§ **Task directions**
Check every line of the data and copy the ones where "Court" appears.

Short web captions
= Beginning of Section =

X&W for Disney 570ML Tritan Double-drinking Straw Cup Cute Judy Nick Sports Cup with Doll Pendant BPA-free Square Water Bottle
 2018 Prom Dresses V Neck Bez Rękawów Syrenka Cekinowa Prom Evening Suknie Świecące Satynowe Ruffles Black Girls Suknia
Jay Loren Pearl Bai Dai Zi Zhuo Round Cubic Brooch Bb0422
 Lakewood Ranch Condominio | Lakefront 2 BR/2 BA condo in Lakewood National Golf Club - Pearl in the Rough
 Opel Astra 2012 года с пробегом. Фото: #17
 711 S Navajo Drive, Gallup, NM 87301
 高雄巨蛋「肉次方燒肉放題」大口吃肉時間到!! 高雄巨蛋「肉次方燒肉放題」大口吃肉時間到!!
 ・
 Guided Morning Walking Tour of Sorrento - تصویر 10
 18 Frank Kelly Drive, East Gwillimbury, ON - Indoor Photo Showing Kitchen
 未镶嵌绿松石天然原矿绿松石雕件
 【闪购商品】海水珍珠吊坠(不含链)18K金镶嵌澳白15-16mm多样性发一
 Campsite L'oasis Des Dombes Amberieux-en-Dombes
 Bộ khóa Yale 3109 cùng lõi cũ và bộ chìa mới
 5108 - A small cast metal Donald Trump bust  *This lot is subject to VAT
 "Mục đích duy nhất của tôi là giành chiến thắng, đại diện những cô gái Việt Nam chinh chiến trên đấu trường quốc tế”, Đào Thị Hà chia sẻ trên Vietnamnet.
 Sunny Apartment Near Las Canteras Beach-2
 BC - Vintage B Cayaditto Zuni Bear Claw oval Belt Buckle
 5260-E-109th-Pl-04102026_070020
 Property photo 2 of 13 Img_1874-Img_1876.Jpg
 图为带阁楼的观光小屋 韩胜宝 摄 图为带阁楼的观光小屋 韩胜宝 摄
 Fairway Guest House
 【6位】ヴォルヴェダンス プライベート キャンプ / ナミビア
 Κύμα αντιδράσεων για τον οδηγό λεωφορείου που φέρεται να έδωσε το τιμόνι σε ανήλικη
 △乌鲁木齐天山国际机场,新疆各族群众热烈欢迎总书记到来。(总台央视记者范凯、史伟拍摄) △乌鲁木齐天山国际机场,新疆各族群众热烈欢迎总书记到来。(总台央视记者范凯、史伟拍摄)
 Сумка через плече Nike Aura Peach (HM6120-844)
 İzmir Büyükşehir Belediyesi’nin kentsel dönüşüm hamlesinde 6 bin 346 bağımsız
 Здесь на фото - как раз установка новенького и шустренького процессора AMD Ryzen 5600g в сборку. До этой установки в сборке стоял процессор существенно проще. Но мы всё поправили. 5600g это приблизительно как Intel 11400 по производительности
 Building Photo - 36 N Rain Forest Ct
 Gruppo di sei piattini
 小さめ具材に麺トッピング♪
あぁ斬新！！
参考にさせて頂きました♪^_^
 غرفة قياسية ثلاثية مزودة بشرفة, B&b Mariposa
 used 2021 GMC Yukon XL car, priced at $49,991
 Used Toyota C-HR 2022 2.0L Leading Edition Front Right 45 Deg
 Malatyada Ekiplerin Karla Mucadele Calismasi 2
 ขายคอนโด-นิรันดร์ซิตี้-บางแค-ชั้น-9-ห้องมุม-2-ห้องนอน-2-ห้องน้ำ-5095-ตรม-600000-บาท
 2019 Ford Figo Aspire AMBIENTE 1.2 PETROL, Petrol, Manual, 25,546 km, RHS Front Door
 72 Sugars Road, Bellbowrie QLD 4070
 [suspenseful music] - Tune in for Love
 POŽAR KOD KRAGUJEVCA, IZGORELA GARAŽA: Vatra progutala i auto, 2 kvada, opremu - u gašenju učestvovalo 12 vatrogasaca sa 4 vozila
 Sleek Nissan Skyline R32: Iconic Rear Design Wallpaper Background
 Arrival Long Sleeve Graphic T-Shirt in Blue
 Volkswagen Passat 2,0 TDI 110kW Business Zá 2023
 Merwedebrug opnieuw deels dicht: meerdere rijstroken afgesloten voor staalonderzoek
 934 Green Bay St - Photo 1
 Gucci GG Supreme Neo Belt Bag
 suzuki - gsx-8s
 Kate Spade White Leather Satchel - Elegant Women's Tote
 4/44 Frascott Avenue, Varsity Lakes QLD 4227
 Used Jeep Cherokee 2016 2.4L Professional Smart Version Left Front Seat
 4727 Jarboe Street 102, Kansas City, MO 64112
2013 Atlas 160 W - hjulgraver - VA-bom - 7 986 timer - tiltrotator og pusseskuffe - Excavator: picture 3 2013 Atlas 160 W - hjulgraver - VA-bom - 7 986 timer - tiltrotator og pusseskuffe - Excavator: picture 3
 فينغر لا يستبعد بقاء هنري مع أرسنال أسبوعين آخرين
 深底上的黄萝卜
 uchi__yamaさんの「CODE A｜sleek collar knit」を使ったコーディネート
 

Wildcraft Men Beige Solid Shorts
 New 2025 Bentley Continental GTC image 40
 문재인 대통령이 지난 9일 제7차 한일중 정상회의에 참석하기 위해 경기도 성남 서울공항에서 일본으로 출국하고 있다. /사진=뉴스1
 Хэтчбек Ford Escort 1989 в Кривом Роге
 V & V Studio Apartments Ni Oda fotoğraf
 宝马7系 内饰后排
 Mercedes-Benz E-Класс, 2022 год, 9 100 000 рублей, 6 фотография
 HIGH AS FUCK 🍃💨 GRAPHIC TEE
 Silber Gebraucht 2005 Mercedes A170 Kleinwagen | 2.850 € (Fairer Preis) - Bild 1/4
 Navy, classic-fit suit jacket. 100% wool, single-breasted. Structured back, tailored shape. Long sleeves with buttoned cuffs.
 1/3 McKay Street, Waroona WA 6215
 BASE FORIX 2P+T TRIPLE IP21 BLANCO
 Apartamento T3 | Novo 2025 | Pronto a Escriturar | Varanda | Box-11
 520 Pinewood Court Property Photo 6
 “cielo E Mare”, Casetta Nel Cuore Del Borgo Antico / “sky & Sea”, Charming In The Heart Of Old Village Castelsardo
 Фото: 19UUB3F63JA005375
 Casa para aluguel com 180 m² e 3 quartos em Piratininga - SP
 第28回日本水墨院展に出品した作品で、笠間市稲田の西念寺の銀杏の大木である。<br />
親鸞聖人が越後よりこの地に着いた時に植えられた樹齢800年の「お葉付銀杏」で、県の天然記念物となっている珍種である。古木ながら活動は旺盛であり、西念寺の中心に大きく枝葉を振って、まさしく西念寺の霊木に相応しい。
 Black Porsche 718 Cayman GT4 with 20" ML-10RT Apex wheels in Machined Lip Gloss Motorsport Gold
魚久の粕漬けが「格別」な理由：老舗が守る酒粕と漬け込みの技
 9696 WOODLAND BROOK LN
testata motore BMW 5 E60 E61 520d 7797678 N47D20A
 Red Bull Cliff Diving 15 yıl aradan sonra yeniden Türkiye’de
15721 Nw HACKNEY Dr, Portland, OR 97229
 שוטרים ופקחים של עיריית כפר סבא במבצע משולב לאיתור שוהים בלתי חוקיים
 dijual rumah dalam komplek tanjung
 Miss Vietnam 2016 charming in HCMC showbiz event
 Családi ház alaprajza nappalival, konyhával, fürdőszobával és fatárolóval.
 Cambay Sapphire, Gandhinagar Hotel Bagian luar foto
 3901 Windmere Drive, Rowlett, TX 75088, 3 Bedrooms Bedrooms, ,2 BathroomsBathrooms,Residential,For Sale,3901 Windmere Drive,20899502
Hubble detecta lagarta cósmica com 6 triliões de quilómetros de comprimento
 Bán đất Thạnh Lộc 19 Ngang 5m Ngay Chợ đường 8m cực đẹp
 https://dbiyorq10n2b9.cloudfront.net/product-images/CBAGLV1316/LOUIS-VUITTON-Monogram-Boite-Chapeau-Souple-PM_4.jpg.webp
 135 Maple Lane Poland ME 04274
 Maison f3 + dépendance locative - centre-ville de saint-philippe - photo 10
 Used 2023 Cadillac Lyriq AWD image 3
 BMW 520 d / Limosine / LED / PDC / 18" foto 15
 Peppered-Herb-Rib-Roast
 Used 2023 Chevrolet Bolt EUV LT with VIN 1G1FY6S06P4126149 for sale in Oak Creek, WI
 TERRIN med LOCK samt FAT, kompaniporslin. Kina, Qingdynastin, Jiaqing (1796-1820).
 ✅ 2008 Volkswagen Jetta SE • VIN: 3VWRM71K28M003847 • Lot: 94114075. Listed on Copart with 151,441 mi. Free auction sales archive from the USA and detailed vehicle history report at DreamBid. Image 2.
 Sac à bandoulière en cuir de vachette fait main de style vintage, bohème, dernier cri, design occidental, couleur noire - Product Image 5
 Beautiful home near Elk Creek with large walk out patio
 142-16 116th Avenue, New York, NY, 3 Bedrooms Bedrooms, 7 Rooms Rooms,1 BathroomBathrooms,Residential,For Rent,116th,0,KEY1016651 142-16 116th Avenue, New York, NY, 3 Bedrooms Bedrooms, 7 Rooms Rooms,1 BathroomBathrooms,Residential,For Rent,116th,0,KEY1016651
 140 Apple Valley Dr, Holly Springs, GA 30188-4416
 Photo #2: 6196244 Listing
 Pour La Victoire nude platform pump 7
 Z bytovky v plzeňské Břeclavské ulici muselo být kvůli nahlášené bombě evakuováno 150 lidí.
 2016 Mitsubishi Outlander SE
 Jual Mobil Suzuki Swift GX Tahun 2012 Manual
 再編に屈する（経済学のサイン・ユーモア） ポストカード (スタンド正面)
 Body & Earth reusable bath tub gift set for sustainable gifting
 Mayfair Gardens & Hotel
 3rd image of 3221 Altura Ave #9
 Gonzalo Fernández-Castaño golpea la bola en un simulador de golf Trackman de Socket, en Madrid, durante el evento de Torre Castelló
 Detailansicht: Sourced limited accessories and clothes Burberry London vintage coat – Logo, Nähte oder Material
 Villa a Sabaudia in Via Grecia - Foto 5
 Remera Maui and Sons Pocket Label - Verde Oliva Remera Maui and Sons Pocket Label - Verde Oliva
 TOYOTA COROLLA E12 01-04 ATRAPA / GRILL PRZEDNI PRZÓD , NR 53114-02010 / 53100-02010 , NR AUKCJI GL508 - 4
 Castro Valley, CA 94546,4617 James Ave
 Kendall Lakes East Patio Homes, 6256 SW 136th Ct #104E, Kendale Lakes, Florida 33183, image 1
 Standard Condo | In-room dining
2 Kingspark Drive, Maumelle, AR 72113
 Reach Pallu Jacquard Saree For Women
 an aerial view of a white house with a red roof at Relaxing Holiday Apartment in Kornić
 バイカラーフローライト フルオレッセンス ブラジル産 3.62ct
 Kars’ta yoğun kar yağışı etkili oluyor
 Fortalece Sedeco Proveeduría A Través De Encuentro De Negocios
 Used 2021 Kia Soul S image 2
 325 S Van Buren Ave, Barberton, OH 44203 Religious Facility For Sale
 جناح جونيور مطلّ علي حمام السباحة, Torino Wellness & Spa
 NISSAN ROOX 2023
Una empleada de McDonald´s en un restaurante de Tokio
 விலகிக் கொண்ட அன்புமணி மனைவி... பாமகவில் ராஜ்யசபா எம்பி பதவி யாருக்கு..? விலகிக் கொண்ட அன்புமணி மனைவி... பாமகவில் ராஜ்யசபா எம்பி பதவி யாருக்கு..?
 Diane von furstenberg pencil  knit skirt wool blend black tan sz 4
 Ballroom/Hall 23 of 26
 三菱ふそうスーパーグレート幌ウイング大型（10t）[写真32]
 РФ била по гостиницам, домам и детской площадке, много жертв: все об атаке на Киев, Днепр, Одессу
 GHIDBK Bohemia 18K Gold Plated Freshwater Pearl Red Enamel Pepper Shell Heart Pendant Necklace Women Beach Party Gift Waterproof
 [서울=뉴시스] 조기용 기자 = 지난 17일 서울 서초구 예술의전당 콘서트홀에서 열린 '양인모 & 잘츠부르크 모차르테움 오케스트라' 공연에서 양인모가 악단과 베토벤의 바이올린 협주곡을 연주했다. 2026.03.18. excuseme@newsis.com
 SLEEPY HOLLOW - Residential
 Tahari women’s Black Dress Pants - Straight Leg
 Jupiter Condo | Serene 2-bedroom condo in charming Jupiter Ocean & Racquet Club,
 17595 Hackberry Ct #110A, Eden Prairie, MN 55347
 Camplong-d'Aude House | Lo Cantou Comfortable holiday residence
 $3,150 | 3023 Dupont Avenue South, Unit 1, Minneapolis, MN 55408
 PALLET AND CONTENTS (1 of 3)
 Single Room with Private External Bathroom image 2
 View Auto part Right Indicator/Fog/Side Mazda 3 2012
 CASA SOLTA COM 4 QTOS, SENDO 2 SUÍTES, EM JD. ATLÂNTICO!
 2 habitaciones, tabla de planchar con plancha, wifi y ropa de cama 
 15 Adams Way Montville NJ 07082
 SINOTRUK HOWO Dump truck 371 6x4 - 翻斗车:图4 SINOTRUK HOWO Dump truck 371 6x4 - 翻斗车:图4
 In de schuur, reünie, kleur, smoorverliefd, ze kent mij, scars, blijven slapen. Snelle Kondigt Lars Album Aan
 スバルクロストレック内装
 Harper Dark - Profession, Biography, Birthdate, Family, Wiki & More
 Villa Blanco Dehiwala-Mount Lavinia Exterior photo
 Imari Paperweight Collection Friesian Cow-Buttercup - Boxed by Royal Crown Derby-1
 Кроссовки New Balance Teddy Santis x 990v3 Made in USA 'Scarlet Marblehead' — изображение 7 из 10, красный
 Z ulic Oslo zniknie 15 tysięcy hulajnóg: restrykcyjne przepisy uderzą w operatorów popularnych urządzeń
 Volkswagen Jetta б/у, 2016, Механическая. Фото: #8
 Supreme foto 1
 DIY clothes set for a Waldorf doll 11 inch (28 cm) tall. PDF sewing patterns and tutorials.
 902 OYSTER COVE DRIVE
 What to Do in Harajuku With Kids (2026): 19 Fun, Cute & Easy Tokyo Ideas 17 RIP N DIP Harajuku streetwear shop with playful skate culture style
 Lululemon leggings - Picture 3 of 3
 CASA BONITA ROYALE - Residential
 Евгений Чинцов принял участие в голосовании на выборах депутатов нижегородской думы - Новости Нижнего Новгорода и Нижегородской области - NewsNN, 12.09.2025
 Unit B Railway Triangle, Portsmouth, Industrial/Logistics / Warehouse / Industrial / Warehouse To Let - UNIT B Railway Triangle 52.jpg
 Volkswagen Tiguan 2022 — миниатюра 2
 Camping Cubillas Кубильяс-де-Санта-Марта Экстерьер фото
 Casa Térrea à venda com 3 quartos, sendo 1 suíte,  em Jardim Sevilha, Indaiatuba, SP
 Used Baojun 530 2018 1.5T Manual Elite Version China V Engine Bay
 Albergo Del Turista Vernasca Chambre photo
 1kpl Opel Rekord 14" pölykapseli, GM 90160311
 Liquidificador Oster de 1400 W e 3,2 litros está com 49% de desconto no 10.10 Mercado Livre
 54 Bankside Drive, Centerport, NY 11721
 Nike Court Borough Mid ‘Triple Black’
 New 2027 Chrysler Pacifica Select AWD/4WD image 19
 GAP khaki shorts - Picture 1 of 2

= End of Section =

§ **Response to this task**
 520 Pinewood Court Property Photo 6
 Nike Court Borough Mid ‘Triple Black’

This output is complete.